Data-driven mistakes even good ecommerce business owners make (and how to avoid them).
Have you struggled with data discrepancies? Had a hard time figuring out what metrics you should actually track? Tried to use a dashboard service and hated it?
If any of those things apply to you, we feel your pain. This video helps to break down some of the most common data mistakes that we run into with ecommerce businesses, and how to avoid and fix them. If you don’t have the time to sit through the video, or don’t have headphones handy, never fear: we have provided a breakdown of the video below.
Mistake #1: Not automating data extraction
- Most companies have a HUGE issue with this; they have someone assigned to extract data from multiple data aggregates and put it all together in one place.
- This causes several problems for businesses, the first being the human error side of things; humans make mistakes constantly, and with a task like data aggregation it’s very easy to misplace a decimal point or to switch two numbers around, which may not seem like a huge deal, but if you take action on the insights gleaned from that data it can lead to catastrophe.
- The second problem is that humans are expensive. Generally the person in charge of this kind of task is a marketer, and their time is much better spent analyzing data rather than aggregating it; marketers find actionable insights from the data, but very rarely do they have the necessary training to clean data and ensure its accuracy.
Mistake #2: Believing that a dashboard is the solution to your data problems
- Dashboards are excellent tools for data visualization and data aggregation, but they will not solve any issues that you have with the underlying data.
- The second issue that people often run into with dashboards is actually connecting the data from the various sources to the dashboard. Many of these data visualization companies talk about how easy their technology is to implement, but going back to the first point, you need to understand how to take all of the different data formats and naming conventions and standardize them across the board so that you can actually get actionable data that you can trust.
Mistake #3: Not making your data actionable
- According to a Google survey 97% of websites collect data from their customers, but less than 30% actually use that data to make decisions in their business.
- Many companies get so bogged down with metrics and get lost in the weeds of everything that is measured that they lose sight of their actual goals. It is best to narrow the view down to 7 or 8 actionable metrics to focus on in the near term, i.e. increasing revenue or decreasing costs, and then once you have those under control, you can begin to add new metrics that you want to measure to further optimize the business.
- The last part of making sure that your data is actionable is making sure that there is someone assigned to each of the core metrics that you decide to measure. That allows the person to focus on that metric, so they know exactly why that metric went up, down, or sideways, and can explain to the team exactly what happened so that you can replicate that behavior again or avoid it in the future.

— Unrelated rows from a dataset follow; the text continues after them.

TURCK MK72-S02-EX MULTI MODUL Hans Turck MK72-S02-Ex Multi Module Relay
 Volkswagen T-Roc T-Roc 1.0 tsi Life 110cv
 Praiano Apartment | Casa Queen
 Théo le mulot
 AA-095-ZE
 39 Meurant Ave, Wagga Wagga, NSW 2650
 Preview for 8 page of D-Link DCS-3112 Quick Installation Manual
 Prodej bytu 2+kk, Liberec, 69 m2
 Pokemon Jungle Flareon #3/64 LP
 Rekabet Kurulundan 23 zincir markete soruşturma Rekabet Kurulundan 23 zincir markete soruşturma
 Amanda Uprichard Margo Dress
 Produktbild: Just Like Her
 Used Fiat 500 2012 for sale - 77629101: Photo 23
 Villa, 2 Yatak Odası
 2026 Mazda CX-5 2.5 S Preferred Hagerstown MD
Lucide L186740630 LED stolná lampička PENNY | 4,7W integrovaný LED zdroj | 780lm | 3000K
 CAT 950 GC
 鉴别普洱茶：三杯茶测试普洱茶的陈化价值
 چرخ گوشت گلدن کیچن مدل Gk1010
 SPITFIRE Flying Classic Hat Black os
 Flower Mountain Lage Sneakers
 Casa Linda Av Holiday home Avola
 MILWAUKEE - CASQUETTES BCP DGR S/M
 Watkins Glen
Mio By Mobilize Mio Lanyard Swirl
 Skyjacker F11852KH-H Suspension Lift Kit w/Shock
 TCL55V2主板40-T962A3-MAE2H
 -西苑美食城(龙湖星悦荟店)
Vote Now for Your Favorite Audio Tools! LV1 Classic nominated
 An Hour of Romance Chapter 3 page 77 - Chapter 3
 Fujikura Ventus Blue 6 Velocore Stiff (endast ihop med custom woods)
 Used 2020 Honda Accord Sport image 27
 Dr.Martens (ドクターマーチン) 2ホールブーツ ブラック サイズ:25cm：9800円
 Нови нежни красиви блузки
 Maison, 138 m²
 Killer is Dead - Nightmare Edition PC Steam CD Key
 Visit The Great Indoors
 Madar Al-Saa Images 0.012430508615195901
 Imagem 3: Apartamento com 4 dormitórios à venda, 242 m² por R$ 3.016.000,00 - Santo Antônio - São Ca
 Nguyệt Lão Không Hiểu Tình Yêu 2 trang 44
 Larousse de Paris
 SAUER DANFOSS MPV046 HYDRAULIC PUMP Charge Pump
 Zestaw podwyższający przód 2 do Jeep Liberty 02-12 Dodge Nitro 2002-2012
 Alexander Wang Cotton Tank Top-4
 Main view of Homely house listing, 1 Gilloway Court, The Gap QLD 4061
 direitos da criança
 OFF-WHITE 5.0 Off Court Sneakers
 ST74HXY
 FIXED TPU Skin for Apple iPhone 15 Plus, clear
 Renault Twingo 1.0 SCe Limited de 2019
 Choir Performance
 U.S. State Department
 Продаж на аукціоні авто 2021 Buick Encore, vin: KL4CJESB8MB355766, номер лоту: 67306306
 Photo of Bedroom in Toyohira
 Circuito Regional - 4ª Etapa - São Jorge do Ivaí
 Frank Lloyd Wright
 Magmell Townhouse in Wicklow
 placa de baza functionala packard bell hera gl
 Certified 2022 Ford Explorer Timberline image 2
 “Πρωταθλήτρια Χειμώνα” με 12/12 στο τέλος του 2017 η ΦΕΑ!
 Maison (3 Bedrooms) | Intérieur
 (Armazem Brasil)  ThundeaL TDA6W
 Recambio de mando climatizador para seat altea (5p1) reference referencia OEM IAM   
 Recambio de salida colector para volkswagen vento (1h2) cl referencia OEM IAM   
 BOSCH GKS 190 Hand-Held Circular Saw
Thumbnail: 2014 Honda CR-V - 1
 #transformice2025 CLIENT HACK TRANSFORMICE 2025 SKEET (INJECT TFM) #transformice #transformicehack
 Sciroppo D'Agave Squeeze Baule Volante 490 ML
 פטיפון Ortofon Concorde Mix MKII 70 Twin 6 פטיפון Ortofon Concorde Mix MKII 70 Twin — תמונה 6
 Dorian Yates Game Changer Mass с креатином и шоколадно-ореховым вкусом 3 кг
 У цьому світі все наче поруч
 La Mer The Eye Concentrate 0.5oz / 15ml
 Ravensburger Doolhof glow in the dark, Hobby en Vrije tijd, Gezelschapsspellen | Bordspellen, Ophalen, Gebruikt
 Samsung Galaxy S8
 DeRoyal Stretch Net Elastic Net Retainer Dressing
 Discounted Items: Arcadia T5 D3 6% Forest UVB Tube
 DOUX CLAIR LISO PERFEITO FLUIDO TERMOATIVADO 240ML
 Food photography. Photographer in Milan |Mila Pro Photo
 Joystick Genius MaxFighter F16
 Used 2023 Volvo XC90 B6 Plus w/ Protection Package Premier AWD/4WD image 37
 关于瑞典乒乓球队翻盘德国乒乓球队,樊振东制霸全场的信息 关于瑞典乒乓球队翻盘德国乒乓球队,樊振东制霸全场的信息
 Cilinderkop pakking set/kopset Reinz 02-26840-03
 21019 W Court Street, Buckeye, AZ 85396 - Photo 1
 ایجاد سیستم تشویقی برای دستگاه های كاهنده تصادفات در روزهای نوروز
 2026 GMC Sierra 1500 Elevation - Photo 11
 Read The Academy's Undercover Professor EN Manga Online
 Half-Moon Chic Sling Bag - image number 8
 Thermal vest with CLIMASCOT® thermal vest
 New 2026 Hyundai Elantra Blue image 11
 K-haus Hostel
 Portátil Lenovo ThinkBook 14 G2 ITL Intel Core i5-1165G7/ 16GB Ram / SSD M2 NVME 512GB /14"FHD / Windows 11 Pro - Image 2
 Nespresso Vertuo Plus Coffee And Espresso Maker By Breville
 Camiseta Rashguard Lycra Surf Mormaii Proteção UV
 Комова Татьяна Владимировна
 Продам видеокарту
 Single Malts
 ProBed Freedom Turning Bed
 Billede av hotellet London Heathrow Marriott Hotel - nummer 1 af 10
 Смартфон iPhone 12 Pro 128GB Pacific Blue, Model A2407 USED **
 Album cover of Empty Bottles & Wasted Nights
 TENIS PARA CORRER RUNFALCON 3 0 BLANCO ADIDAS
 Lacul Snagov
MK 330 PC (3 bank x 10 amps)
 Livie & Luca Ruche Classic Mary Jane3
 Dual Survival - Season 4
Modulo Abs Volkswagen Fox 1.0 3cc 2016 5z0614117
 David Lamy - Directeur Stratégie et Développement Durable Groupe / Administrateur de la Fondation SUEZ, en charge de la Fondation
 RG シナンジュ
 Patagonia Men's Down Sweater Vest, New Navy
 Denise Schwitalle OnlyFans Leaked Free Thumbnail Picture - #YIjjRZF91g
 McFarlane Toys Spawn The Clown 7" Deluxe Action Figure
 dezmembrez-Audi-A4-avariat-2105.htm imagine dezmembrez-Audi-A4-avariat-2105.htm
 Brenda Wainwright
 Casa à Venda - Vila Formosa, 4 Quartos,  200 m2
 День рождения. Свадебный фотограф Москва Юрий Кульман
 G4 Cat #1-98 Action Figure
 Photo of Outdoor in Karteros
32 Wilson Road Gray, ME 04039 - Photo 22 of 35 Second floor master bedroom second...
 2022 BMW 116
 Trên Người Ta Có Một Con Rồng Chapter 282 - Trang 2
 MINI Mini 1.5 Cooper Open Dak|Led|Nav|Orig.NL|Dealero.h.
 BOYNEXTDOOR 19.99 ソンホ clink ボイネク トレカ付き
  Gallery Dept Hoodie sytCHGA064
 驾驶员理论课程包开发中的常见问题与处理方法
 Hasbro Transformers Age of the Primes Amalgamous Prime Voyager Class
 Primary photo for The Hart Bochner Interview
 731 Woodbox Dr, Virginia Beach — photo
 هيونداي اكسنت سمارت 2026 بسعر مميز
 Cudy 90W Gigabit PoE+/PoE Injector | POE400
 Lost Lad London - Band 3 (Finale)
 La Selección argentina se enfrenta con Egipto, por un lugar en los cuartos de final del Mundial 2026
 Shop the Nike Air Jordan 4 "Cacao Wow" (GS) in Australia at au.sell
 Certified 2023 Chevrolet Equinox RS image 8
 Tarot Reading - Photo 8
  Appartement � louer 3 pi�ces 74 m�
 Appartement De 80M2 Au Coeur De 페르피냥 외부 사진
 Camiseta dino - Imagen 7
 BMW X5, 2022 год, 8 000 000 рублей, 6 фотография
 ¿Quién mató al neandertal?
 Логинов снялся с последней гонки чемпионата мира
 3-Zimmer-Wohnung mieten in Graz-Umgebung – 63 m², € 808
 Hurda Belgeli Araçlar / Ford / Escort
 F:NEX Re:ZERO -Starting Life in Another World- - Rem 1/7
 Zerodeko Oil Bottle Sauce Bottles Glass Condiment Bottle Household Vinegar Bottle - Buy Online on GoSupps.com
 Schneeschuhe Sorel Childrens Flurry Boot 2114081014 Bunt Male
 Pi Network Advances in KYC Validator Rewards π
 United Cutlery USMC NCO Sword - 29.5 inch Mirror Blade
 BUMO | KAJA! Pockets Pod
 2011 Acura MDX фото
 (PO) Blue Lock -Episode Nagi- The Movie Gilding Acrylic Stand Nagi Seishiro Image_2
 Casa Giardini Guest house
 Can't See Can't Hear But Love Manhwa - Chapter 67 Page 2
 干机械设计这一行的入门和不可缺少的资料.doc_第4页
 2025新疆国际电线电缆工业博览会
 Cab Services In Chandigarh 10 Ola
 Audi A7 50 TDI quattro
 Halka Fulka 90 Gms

Mistake #4: Not democratizing data
- Many organizations have one nerd who analyzes all of the data and then transmits that data to the team, but that nerd doesn’t know what they don’t know. This flows back to the first mistake that many businesses make, by trusting too much in humans who are extremely prone to errors.
- Everyone has different backgrounds and experience, so when they look at a metric they will see one thing and come up with an action item based off their experience; but if you bring in another set of eyes, that person may see something totally different and come to a different conclusion. Democratizing data and making it accessible to more people will lead to greater insights and more options for ways to proceed.
Mistake #5: Not focusing on the bottom line
- This is very similar to not making data actionable, but it is very important to cover as well.
- Determining the right metrics to measure for your business starts with your big goal: driving more revenue. You need to ask yourself, “what are the primary drivers of revenue for my company?”.
- After you have determined what the primary revenue drivers are for your company, you need to ask the logical questions as to how you can get more from those customers; that may be, “how do I keep them subscribed to my service for longer?” or “How can I increase repeat purchases?” or even “How do I increase the average order size on my site?”.
- For each of those questions, you can find one metric that will help you to measure the effectiveness of your efforts. By then focusing on that single metric to measure your results, you can experiment to find what works for your customers.
Mistake #6: Worrying about the chicken vs the egg
- Many business owners think that they don’t need to start truly tracking these key metrics until they already have success to replicate; this could not be further from the truth.
- Cleaning and tracking data, especially in the early stages, helps you avoid costly mistakes and also helps you expand rapidly. Businesses that track their data early on can outspend and outmaneuver their competition because they know exactly the type of returns to expect from their investment, allowing them to aggressively expand and claim market share.